Aunt Mary Ann told me about my Great Uncle Bubba. “He looked just like Clark Gable. I’ll tell you. We’d walk down the road together and cars would stop to look. Once someone got out to get his autograph. I’ll tell you. Did I tell you that the cat next door had kittens? They’re so cute. I’m keeping one that’s completely white. Her name is Snowball, and she’s so cute.”
Uncle Tommy heard her desultory story and said, “Dear, the train has left the track.” (I admired the sweetness of his observation: both have family histories of Alzheimer’s, and they’re helping one another notice when they lose track of a conversation.)
In the midst of this chaotic conversation, Grandmom turned to Ann and said,
"Who does the laundry?"
Ann responded, "We both do."
My grandmom said, "Oh! That's good."
Then she turned to me: "Who does the cooking?"
I said, "We both do."
Grandmom again exclaimed, "Oh, that's good!" before going on to the next chore of her life. Grandmom, like God in Genesis, looked at my world and called it good.
These dolls remind me of my family and our stories. They have been a grounding tie to my past in these years when so much has changed after my brain tumors, and I have sometimes felt like I’m dangling in this world, not entirely tied down. Now, however, I’m ready to move on.

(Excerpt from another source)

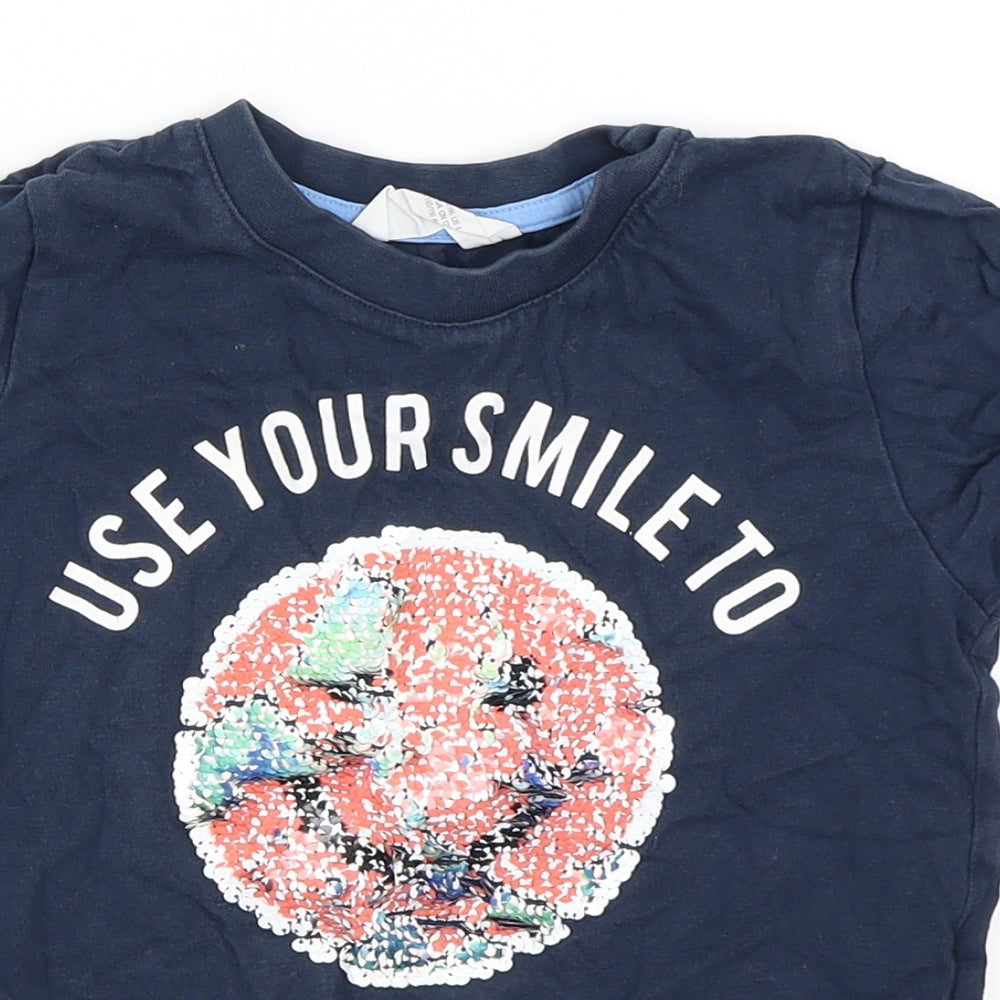 H&M Boys Blue   Basic T-Shirt Size 4-5 Years  - change the world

In July, Ann and I will welcome our puppy Dosey into our family, and I don’t see Grandma and Grandpa being a delight for Dosey like they are for me, so we have put them up for adoption, and before Dosey comes, Grandma and Grandpa will go to live with my friends Susan and Rod. (They weren’t home today, but Susan said we could leave on the front porch. By themselves?! With squirrels and bees and all manner folk around? No way!)
I’ll miss Grandma and Grandpa in our home. I’ll miss the way that older women go directly up to Grandma and say, “Hey girl. How you?” (or in the case of Sister Josefina from rural El Salvador, “Hola Senora. Como esta?”)
This feels like a marker in my new life, a letting go of the old dolls and an embrace of a new puppy.